One analyst boosts the ego and valuation of Rambus, a developer of high-speed DRAM technologies.

    One analyst today boosted the ego and valuation of Rambus (RMBS), a developer of high-speed DRAM technologies.

    Robert Chaplinski, an analyst with Hambrecht & Quist, today doubled his price target for the Mountain View, California-based company, which licenses technology that speeds the transmission of data from memory chips to processors.

    Chaplinski raised his price target to $100 per share, from the previous target of $50 a share, and reiterated his "buy" rating on the stock.

    The stock surged 42 percent on the analyst's positive reinforcement. Rambus stock closed at 60-15/16, up 17-15/16 from yesterday's close of 43. Volume exceeded 5 million shares, about ten times the company's average daily trading.

    In a report released alongside the bumped-up target price, the analyst said the level of risk surrounding the company's long-term financial outlook has been reduced as Intel received working silicon for its Direct Rambus-based PC memory chipset ahead of schedule.

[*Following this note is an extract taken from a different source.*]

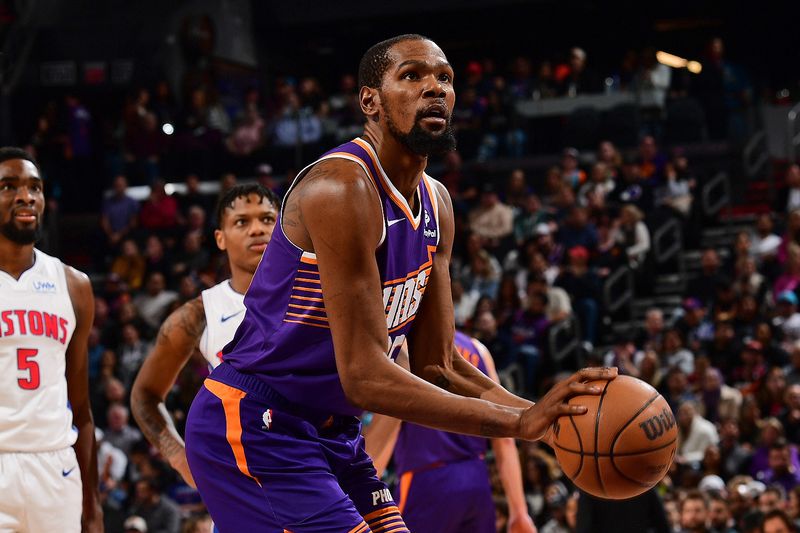 PHOENIX, AZ - FEBRUARY 14: Kevin Durant #35 of the Phoenix Suns prepares to shoot a free throw during the game against the Detroit Pistons on February 14, 2024 at Footprint Center in Phoenix, Arizona. NOTE TO USER: User expressly acknowledges and agrees that, by downloading and or using this photograph, user is consenting to the terms and conditions of the Getty Images License Agreement. Mandatory Copyright Notice: Copyright 2024 NBAE (Photo by Kate Frese/NBAE via Getty Images)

    "This level of silicon availability...indicates that Intel remains committed to making Direct Rambus technology the industry standard for PC main memory," said the report, adding that ten of the top ten worldwide DRAM manufacturers have licensed the technology. Chaplinski said that fact, along with Intel's successful development, "suggests the competitive landscape continues to evolve in Rambus' favor."

    Mark Edelstone, an analyst with Morgan Stanley Dean Witter, agreed that the company is extremely well-placed going forward, but he would not comment on other analysts' predictions or price targets.

    "They are well-positioned to become the predominate main memory for the PC market in 1999," Edelstone said. "Rambus licenses their technology, and it will become the next memory standard. They may start slow, but they will build momentum."

    The H&Q analyst said that, by 1999, Rambus penetration of the PC DRAM market should reach 10 percent. He estimated that penetration would increase to 40 percent by the year 2001, as the next-generation chips move into the mainstream.

    In its most recent quarter ending September 30, Rambus reported revenue of $7.8 million, up from $3.4 million reported a year earlier. Net income for the quarter was $1.1 million, or 4 cents a share, compared with a loss of $1.1 million, or 18 cents a share.

    Rambus generates all of its revenue by licensing its technology, not from selling chips.